TL;DR: How to identify duplicate non overlapping 1kb chunks from a file which is large and can be binary file too?
I recently came across this question in one of the challenges.
We are given a file name. This file's size will be in multiples of 1kb. We have to perform dedup operation on this file and write the modified content in another file. The dedup operation finds and removes the duplicate, non-overlapping 1kb chunks from the file. The file can be very large file and it can also be a binary file.
The second part of the question involved reversing the dedup operation and regenerating the original file from the deduped file.
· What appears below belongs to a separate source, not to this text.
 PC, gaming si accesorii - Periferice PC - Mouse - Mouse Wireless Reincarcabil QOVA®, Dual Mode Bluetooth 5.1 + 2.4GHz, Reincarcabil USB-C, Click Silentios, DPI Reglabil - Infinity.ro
My approach: I tried to use hashing as suggested in Adam Horwath's this blog. I calculated hash of each 1kb byte of data and stored it in a hashtable with hash as key and index of the chunk in consideration as value. here is my code to calculate the hash for 1kb of data (similar to inithash in the blog):
//implement hashing used in Rabin-Karp algorithm
// sum of p^n * a[x]
//hconst = 69069; //good multiplier for mod 2^32;
public static long calculateHash(int [] data, int chunkSize){
long hash = 1;
for(int i =0; i < chunkSize; i++)
{
int c = data[i];
hash *= hconst; //multiply with const
hash += c; //add the byte to hash
}
return hash;
}
There is something wrong (obviously) with my understanding or implementation that it didn't give the correct result. My questions are:
- Is the hashing approach correct to identify duplicate chunks?(Comparing each byte is costly process)
- Is there any better way to identify duplicate chunks?